The Dish: Christmas baking, part one

Darci Yeo of Bliss Bakery and Bistro in Peachland joined Rebecca to dish about mincemeat, Christmas cake, and gingerbread. Check out her gingerbread recipe below.


Download Flash Player to view this content.


Gingerbread Dudes Recipe



½ cup unsalted butter

¾ cup packed light brown or yellow sugar

½ cup unsulphured molasses

2 tablespoons fresh ginger, very finely chopped or crushed


3 ¾ cups all purpose flour

1 tsp baking powder

½ tsp baking soda

1 ½ tsp ground cinnamon

½ tsp ground nutmeg

½ tsp ground cloves

2 large eggs, whisked slightly


Candies for decorating


Powdered sugar frosting

1 cup powdered (icing) sugar

2 tbsp heavy whipping cream (more if required)


Make the cookies:


In a medium saucepan, combine the butter, sugar, molasses and ginger and place over a medium heat.

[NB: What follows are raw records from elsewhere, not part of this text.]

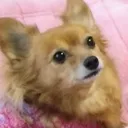りおんぬ大先生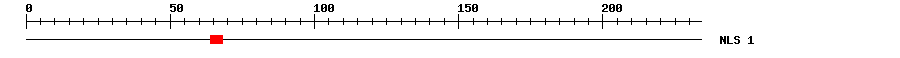 NLS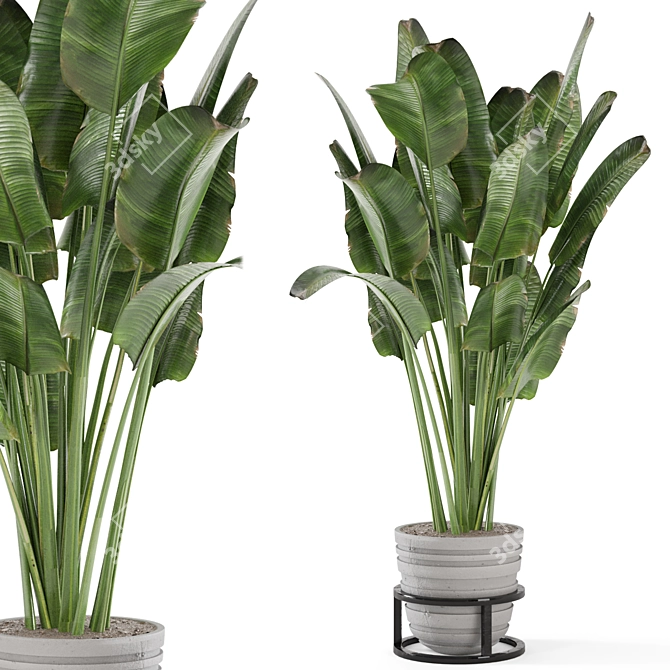 Rusty Concrete Pot Indoor Plants - Set 573 3D model image 1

While the above mixture is warming, sift together the flour, baking powder, baking soda, cinnamon, nutmeg and cloves in a medium boil.


When the butter mixture comes to a boil, immediately remove from the heat. Let cool for 2 minutes. Add the eggs and the butter mixture to the bowl of a stand mixer fitted with a cookie paddle and mix on slow speed, or whisk together by hand. Add the flour mixture and mix until well blended. The mixture will be very sticky and still warm.


Take the dough from the mixture and place on a lightly floured surface. Roll the dough out to a thickness of about ¼ inch and using floured cookie cutters, cut out as many shapes as you can. Please these cutouts on a baking sheet lined with silicon or baking paper. Clump together the scraps and mold into a ball and roll out again to ¼ inch thickness, and cut out more shapes.

Gingerbread gets very tough after about 3 re-uses, so try to cut out as many shapes as possible from the rolled out dough. You can add a little water if the dough will not stick together after a few rolls.


Bake the cookies in a pre-heated oven at 350 degrees for approximately 12 minutes or until the cookies feel slightly firm to the touch, allow to cool on the cookie sheets.

For the icing, combine the powdered sugar and whipping cream in a small bowl and mix until the icing is firm and thick with no lumps. Use a spoon to transfer the icing to a piping bag fitted with a medium tip and ice the cookies in whatever whimsical designs you can think of! Use candies to add some character to your cookies. You can add a little extra cream to thin the icing if needed.

Let the cookies sit until the icing is firm before devouring.